The reserve funding plan is balanced against anticipated annual expenditures. It's important to keep track of what has been completed in accordance with the plan and what has not been completed. It is also important to keep track of reserve balances and how they occurred. Finally it is really important to review funding versus expenditures at frequent intervals, and I prefer an annual review.  Doing so can be difficult. Who is to do this? Architecture & Maintenance, or the Treasures and Management? I suggest it takes all of these to accomplish this.

It is also one more in a very long list of tasks to be done and it will be prioritized but it can also be displaced by other issues. Owners may have their own agenda and some could care less about the difficulties their HOA has in balancing all of these tasks. This HOA has one two-hour meeting per month. The board and management must decide in that two hour period how to proceed. I look at it this way. In one year, our HOA has about 24 hours of planning and preparation time via open meetings so a handful of owners can attend. Such open meetings are required. I ask the reader this question. Could you create an annual program, oversee it, and do a really, really good job during 24 hours of open meetings each year? In that 24 hours this HOA will oversee the expenditure of about $1.5million to $2million. During those meetings owners will attend with their list of personal issues. Some are important, some are trivial. No matter. We each get our due.

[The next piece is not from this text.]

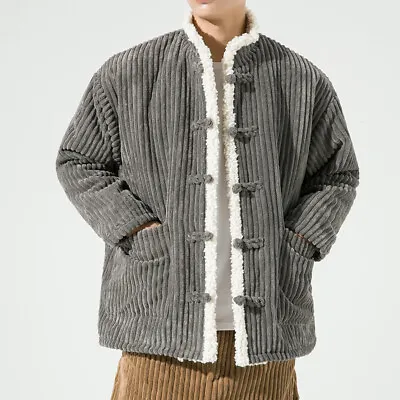 Chinese Style Cotton-Padded Outwear Men's Fall Winter Faux Lambwool Warm Jackets • $78.09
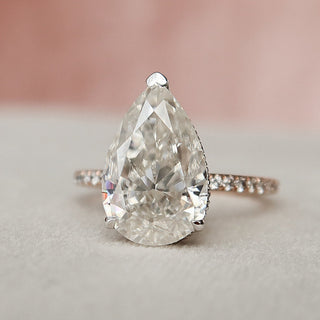 3.50CT Pear Cut Moissanite Hidden Halo Pave Setting Engagement Ring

This is why many professionals recommend reserve study plan updates every five years.  It is why our HOA decided to fund an update in 2014. Pay the professionals to do their best and then decide how to proceed. However, budgets are created annually. We obviously can't wait five years to adjust budgets for reserve expenditures. Better project management and cost accounting controls are beneficial. I don't think anyone will argue the contrary. That said, I also think that not many will come forth with a realistic and reasonable method to do this "while keeping fees as low as possible." Telling the HOA Board to spend more time and to "do more" is not a solution.


Comment
If the task in the conclusion seems difficult or impossible, I suggest the reader consider that the Illinois Condominium Act which requires this was enacted by the same lawmakers who have turned Illinois into a zombie (walking dead) financial state. These lawmakers couldn't balance their own home budgets if it weren't for the generous salaries, perks and double dipping pensions they awarded themselves.

Unfortunately, they didn't apply such generous financial rules to the thousands of HOAs in Illinois. In fact, via SB2664 they attempted to kill condominiums in Illinois.